Records for the exercise Start Marker

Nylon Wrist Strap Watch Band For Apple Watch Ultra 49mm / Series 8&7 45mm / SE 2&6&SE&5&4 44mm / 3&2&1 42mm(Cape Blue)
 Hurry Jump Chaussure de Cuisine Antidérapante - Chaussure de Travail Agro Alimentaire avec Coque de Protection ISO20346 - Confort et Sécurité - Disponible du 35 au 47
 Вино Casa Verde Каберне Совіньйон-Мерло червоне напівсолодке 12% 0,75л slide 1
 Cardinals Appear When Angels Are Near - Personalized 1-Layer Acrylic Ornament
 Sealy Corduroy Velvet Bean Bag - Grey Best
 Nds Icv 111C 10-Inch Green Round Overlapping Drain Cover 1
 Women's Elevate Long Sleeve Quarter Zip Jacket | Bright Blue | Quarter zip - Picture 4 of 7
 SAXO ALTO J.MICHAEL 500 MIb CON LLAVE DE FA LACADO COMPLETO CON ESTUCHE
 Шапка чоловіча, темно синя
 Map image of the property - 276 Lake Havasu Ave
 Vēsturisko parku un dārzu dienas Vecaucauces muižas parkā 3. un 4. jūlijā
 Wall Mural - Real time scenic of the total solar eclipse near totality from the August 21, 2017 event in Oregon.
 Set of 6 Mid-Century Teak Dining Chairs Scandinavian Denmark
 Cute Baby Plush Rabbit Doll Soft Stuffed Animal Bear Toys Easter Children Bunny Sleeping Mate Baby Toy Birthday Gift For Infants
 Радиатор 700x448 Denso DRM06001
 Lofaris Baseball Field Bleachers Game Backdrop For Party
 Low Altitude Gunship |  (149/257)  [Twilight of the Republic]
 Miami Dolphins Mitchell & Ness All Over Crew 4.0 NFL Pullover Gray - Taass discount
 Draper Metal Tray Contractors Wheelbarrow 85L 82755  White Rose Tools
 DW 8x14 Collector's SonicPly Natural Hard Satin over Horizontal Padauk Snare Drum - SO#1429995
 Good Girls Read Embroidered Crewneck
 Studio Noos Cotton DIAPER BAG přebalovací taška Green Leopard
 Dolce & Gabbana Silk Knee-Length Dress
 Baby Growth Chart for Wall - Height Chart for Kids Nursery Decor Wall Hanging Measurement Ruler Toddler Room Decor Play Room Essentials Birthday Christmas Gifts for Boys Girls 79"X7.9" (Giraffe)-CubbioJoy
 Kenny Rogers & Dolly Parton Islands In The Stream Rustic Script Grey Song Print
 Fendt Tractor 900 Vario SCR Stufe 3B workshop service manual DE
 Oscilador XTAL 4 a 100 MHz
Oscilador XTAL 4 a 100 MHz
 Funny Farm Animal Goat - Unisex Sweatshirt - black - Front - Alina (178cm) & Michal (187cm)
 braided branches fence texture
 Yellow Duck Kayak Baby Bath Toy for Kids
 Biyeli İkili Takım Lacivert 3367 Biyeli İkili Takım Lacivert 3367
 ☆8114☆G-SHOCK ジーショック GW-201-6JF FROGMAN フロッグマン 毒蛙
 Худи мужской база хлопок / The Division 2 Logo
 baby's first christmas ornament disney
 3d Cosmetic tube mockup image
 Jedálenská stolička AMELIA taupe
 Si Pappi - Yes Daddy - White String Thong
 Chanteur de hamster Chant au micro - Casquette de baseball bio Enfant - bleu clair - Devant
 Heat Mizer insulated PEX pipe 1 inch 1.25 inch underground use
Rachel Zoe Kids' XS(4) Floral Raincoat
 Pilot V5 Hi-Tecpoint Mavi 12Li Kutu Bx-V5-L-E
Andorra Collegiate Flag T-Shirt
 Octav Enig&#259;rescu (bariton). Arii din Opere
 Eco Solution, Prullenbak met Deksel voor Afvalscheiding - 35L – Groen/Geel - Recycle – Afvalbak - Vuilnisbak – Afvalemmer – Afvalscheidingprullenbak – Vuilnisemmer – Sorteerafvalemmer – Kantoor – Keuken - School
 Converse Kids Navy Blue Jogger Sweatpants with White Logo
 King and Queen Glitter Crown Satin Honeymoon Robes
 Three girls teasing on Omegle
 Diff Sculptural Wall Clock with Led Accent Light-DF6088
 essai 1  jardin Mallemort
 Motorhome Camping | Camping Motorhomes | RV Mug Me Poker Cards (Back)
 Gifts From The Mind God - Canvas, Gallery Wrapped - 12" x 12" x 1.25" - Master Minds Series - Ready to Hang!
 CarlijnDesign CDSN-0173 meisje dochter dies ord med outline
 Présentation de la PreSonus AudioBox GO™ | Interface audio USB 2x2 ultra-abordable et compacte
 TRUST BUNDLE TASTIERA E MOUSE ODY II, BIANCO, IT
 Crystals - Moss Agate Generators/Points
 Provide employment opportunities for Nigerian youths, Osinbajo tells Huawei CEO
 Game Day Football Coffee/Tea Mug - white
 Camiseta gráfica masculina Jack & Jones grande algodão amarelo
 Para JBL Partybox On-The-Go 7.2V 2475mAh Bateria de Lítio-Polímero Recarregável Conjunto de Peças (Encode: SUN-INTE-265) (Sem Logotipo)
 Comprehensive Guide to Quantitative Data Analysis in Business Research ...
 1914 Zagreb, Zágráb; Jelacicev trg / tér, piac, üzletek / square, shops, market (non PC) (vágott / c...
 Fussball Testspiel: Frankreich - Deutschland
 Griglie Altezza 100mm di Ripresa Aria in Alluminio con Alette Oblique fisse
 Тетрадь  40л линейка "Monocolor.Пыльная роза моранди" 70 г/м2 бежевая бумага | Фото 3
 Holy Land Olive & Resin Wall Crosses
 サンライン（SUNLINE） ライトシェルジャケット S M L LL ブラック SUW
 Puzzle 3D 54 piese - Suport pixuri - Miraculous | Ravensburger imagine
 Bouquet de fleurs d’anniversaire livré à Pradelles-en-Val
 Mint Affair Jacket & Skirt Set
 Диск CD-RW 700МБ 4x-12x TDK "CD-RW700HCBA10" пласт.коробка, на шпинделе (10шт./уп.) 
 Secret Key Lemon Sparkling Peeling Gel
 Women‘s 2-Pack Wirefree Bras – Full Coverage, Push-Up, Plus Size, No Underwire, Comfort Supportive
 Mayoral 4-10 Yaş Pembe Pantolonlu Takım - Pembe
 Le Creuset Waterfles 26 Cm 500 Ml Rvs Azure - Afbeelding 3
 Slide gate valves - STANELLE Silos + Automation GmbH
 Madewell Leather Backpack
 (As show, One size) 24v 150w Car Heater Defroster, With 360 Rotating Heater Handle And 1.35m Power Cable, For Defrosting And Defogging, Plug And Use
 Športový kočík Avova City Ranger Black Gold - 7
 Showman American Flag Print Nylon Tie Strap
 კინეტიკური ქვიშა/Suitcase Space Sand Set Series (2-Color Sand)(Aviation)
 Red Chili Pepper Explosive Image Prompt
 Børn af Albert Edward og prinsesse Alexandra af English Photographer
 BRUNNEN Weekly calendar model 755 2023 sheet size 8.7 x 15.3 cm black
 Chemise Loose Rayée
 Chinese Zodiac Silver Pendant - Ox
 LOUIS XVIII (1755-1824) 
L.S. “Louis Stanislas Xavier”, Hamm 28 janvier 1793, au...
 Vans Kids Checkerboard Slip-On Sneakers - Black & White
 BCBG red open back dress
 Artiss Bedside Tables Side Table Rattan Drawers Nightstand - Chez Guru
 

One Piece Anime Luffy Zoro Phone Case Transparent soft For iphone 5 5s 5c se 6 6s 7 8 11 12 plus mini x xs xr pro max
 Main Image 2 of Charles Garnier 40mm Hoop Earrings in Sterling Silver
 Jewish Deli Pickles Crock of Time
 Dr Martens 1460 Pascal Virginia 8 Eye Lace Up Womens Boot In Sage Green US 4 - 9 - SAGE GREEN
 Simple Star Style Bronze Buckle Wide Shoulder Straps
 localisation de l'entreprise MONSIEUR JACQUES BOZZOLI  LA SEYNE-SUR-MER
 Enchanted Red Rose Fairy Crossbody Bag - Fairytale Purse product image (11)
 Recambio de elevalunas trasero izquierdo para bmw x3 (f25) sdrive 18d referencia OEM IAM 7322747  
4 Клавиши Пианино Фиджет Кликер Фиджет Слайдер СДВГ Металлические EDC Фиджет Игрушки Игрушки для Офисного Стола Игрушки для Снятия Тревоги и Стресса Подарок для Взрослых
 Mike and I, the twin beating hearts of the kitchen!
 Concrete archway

Records for the exercise End Marker

# Task description
In the material above, find every line with the word "Oscilador" and show it.

# Task output
 Oscilador XTAL 4 a 100 MHz
Oscilador XTAL 4 a 100 MHz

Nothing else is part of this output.